It isn’t just the poop benefits, this is solid results from long-term fiber research
The following written content from Elana Spivak
Dietary fiber can do wonders for your health. Numerous studies show that increasing fiber intake improves everything from bowel movements to heart health.
Science shows that those who eat a balanced diet that’s high in fiber have a lower risk for chronic diseases later in life. But for the first time, there’s evidence that one particular diet can prevent hereditary cancer, thanks to a 10-year follow-up on an international trial.
A recent paper published in the journal Cancer Prevention Research presents a decade-long follow-up on an international trial called CAPP2. The researchers from the Universities of Newcastle and Leeds examined the effects of two interventions in those with an inherited syndrome that makes them prone to some cancers, and the findings show promise.

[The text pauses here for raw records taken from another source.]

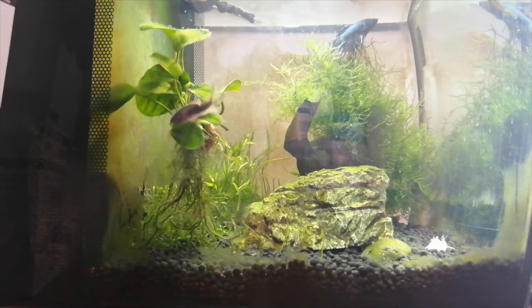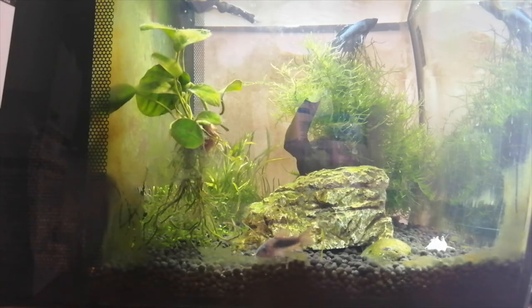Ember Tetras are a lot smaller than Neon Tetras, growing up to 0.8 inches. This does mean that if one of them gets sick, there is a possibility that your betta will eat them. An Ember Tetra will need a temperature between 73 and 84 degrees Fahrenheit, and a pH between 5 and 7.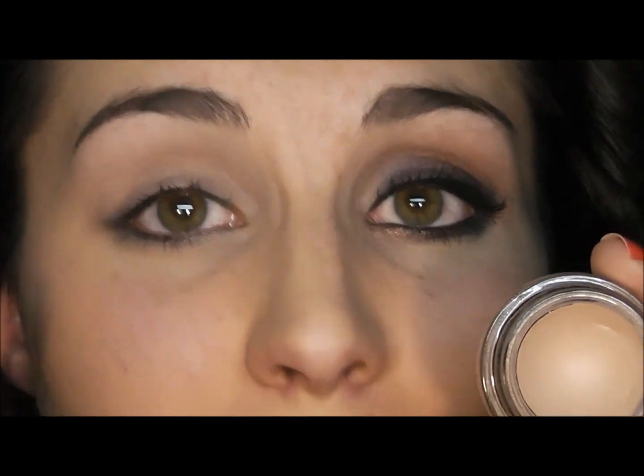To start, I'm using a skin tone primer all over my eyelids, lash to brow bone, just to make sure that the colors that I'm using really pop.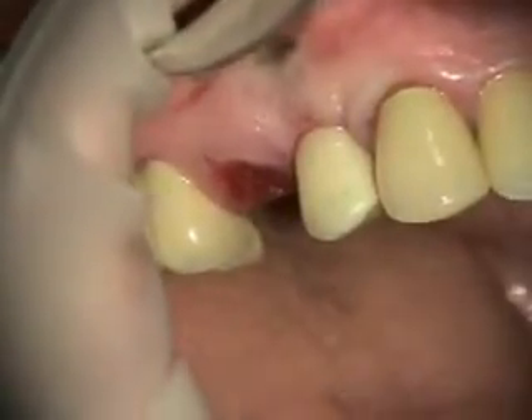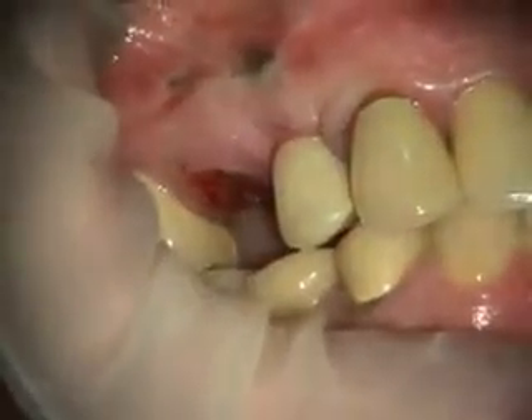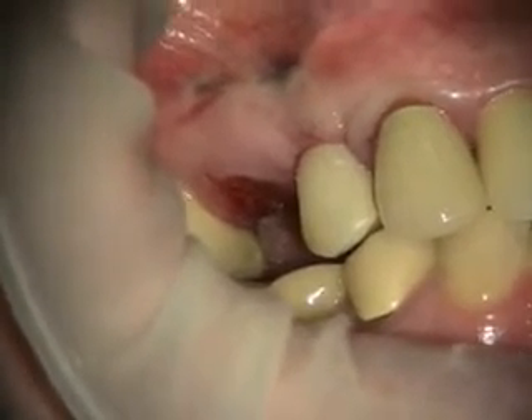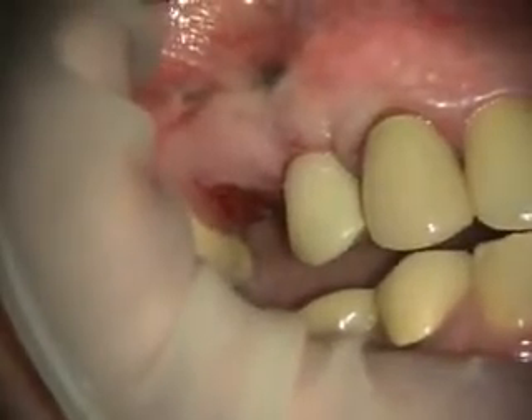Okay, now bite together. Good. Slide to the right like you did before. Okay, slide straight forward. Good. Okay, open.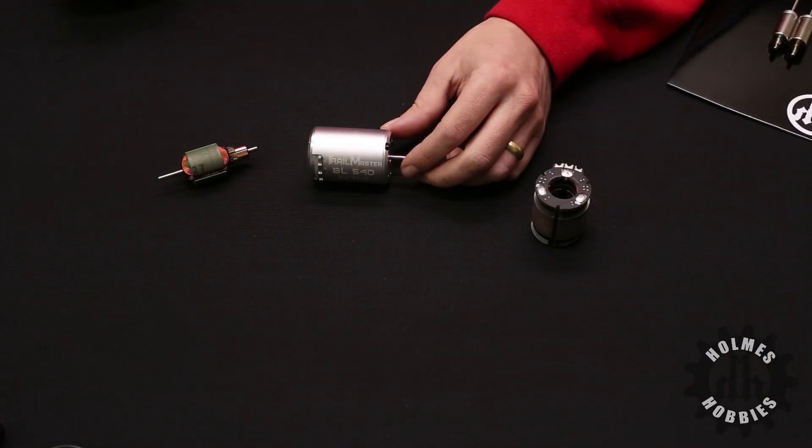Thanks for tuning in today. This is John Holmes with Holmes Hobbies and today we're going to talk about choosing the best motor for your RC rock crawler and rock racers. When selecting a motor for your rock racer or rock crawler, there are only a few points that you need to keep in mind.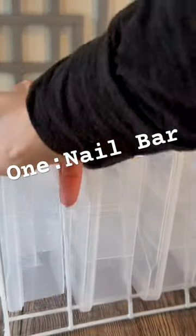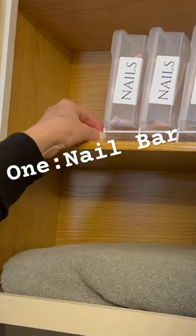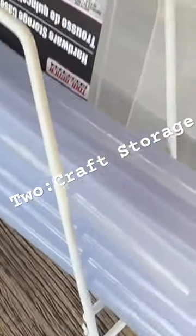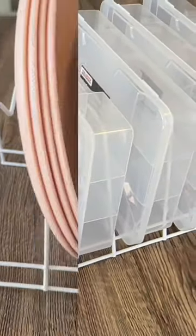These boxes fit perfectly in the plate rack section. I used to have a bin on this shelf just with everything thrown together, and now at a glance I can see exactly what I need — a system for storing all your little tiny odds and ends that you craft with, for the traditional plate storage.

This paper builds on 30 years of research, beginning with a worldwide study of nearly 1,000 people with the disease Lynch syndrome. In this illness, a person inherits a defective copy of a gene that encodes for proteins that repair our DNA. As a result, those with Lynch syndrome accumulate DNA damage throughout the body. DNA damage is a fundamental cause of cancer, so those with Lynch are more susceptible to some particular cancers, including colorectal, uterine, stomach, ovarian, pancreatic, and prostate.
In 2020, a paper published in the journal The Lancet demonstrated that taking 600 milligrams of household aspirin daily over 10 years was associated with a significantly lower risk of colorectal cancer in those with Lynch syndrome. This recent paper looks at adding another treatment in addition to aspirin: resistant starch.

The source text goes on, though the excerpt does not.